Problem statement:
Locate the word "Leather" in the data below, then copy every line that holds it.

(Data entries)
▽

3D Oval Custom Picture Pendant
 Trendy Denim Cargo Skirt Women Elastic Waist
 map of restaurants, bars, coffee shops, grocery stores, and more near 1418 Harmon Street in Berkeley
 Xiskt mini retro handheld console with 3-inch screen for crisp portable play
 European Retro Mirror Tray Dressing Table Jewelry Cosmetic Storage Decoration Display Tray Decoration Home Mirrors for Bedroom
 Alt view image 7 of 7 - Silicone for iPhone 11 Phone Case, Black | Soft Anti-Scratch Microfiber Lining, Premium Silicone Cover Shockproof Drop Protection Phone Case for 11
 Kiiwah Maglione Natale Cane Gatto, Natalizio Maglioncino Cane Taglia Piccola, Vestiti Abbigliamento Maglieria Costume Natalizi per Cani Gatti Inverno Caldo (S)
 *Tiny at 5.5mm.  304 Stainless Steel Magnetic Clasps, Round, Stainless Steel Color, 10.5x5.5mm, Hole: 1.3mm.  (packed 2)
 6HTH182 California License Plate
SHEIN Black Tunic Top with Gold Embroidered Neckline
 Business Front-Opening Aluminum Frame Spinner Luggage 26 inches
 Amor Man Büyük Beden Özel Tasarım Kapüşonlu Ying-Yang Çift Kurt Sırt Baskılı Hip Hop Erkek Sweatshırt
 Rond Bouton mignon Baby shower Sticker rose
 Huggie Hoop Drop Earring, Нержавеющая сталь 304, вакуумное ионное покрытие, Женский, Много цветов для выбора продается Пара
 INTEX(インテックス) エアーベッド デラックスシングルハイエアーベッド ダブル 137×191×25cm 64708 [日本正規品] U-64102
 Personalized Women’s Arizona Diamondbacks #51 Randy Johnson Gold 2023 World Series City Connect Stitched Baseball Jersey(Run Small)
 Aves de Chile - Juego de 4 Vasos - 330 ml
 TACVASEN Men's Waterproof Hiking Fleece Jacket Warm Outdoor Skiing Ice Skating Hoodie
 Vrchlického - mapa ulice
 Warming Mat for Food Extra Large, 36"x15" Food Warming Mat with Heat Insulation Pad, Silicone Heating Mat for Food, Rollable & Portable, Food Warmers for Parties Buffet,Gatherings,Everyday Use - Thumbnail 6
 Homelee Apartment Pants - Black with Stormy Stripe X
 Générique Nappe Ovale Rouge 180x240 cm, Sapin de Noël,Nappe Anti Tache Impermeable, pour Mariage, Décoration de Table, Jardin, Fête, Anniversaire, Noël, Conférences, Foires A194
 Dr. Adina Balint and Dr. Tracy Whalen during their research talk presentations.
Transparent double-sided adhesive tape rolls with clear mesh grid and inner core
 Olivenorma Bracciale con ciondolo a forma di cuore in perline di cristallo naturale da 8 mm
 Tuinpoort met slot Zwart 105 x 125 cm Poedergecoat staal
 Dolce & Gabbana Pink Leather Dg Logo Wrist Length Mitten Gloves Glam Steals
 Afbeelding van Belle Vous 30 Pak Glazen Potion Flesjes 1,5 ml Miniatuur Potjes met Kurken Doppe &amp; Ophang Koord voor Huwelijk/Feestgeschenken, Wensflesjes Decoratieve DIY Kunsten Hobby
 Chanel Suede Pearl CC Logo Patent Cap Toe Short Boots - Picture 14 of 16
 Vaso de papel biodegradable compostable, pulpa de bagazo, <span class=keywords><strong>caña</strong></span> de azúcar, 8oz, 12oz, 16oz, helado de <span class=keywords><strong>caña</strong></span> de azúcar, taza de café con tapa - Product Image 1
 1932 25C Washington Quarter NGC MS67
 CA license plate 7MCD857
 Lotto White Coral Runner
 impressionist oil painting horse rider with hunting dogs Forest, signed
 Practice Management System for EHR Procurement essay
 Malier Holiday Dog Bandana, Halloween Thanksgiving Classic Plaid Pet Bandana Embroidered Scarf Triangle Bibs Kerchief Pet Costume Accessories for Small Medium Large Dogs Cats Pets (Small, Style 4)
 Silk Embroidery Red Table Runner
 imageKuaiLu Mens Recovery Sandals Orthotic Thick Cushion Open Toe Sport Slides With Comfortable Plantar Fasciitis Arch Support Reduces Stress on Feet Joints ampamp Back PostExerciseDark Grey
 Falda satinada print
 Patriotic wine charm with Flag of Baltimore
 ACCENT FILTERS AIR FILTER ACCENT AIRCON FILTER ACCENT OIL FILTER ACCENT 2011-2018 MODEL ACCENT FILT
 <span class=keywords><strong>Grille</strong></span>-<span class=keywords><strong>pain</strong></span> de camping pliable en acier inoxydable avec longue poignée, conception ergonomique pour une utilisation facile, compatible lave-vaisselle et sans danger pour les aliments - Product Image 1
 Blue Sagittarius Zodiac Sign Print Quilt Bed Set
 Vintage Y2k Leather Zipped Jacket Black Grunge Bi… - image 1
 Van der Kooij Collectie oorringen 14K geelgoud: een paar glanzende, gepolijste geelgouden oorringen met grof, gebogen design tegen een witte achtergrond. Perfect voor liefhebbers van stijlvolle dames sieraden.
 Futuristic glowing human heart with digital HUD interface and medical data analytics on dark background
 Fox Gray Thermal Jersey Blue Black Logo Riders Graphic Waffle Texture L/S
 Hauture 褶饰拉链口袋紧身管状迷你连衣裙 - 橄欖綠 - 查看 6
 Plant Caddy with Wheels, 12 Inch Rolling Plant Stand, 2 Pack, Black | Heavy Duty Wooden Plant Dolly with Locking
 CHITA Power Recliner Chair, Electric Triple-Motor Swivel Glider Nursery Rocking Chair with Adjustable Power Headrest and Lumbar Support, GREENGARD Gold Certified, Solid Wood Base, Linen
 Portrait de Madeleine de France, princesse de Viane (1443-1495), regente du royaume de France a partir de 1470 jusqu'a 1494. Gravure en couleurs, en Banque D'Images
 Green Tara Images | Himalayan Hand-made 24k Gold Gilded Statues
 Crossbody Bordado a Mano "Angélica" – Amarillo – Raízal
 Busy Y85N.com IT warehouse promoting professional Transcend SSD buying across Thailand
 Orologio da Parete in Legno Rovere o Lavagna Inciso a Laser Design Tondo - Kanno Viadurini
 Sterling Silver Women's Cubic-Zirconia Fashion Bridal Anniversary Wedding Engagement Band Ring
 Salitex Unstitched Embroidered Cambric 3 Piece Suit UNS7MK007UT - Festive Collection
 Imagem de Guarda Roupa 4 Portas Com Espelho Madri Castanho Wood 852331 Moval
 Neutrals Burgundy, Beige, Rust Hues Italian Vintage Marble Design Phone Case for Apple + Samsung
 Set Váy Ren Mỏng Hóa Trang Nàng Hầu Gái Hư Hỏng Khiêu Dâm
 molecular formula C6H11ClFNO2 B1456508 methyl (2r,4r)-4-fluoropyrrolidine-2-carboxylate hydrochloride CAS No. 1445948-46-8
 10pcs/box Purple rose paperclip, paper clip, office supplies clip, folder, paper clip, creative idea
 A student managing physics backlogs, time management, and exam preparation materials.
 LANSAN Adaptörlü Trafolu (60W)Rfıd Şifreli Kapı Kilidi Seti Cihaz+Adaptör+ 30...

△

Exercise output:
 Dolce & Gabbana Pink Leather Dg Logo Wrist Length Mitten Gloves Glam Steals
 Vintage Y2k Leather Zipped Jacket Black Grunge Bi… - image 1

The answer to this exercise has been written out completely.